Nel testo, Gulisano spiega che l’avventura alla base del libro “è nel cuore dell’uomo”: “è un desiderio, un bisogno di viaggiare, di cercare, di andare oltre, per poi tornare e raccontare ad altri l’accaduto”. “È all’origine della narrativa”, al punto che le storie più antiche e diffuse nel mondo, a partire dai miti e dall’epica antica, sono storie di avventura.

Il libro di Melville racconta della caccia a una balena bianca di nome Moby Dick da parte di un capitano di nome Achab che conduce la sua nave, il Pequod, e il suo equipaggio, “in un folle, allucinato inseguimento del cetaceo per i mari di tutto il mondo”. Per Gulisano, il testo “è molto più profondo di quanto possa sembrare all’apparenza, assumendo una dimensione mitica”. Tutto il libro “parla di avventura, di ricerca, e di fede”.

Cesare Pavese, primo traduttore italiano del capolavoro di Melville (nel 1932), lo aveva capito bene: “Leggete quest’opera”, diceva, “tenendo a mente la Bibbia e vedrete come quello che vi potrebbe anche parere un curioso romanzo d’avventure, un poco lungo a dire il vero e un poco oscuro, vi si svelerà invece per un vero e proprio poema sacro cui non sono mancati né il cielo né la terra a por mano”.

Pavese aveva colto l’aspetto di sacralità di Moby Dick, commenta Gulisano. “Un sacro che riconduce alla Divinità, in una forma misteriosa, celata, tutta da decifrare, e alle sue manifestazioni, che agli occhi dell’uomo possono apparire anche negative, oltre che incomprensibili”.

“Moby Dick trasuda le Scritture a ogni pagina non soltanto nelle fittissime citazioni, ora esplicite ora camuffate dietro una costruzione o l’incedere di una frase, ma nella sua stessa struttura, nella concezione stessa di 'romanzo impuro'”. È dalla Bibbia che è tratto l’immenso antagonista che domina silenzioso e maestoso il romanzo: il grande pesce, il mostro, la balena, che richiama la storia di Giona.

Con Melville il racconto epico è tornato a fare capolino nella letteratura dopo qualche secolo di eclissi, ricorda Gulisano. “Melville realizzò l’epica della giovane America dell’Ottocento che aveva conquistato con la forza l’indipendenza, distaccandosi dalle sue radici britanniche ed europee, lanciandosi alla conquista di nuove frontiere.
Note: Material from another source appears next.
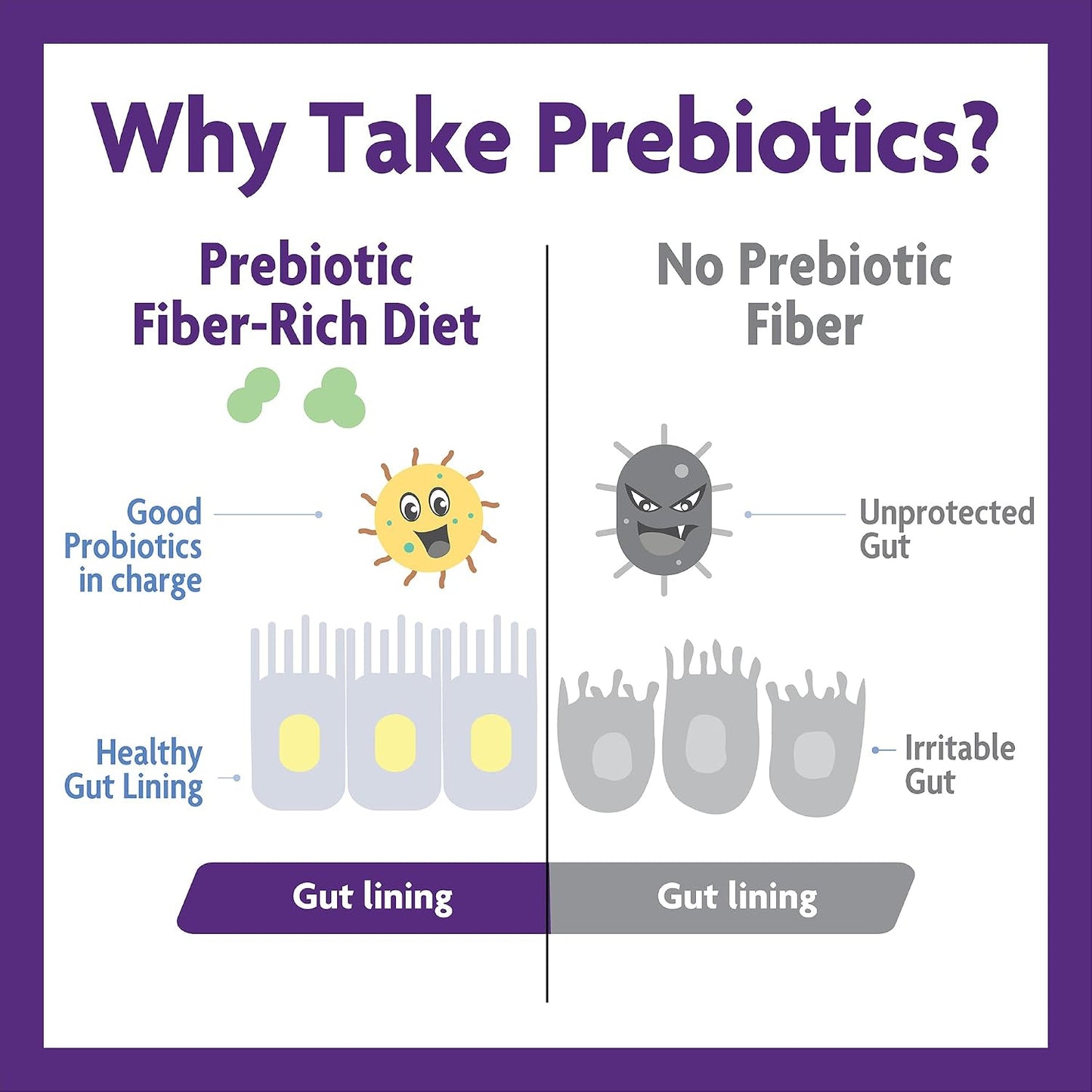 InnovixLabs Probiotic & Prebiotic Bundle Multi-Strain Probiotic (60 Time-Release Capsules) Prebiotic Fiber Powder (30-Day Supply). Boost Probiotic Growth for Gut and Immune Health.* - PrimeBioHealth - canada supplements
È l’epica di una nazione ma anche di un tempo, l’Ottocento positivista e scientista, che vuole sfidare le leggi della natura e di Dio, che con la tecnica decide prometeicamente di scalare i cieli”.

“Così come gli antichi poemi epici hanno influenzato profondamente tutta la tradizione culturale e letteraria dell’Occidente, costituendosi come archetipi con cui hanno continuato a confrontarsi autori di epoche successive, che li hanno considerati modelli di stile e grandi repertori di personaggi e temi, vicende e situazioni eroiche e avventurose, così l’epica dimenticata di Moby Dick, espressione della modernità occidentale, della sua ricerca, dei suoi dubbi e delle sue follie, deve tornare a stupire il lettore e a interrogare la sua coscienza”.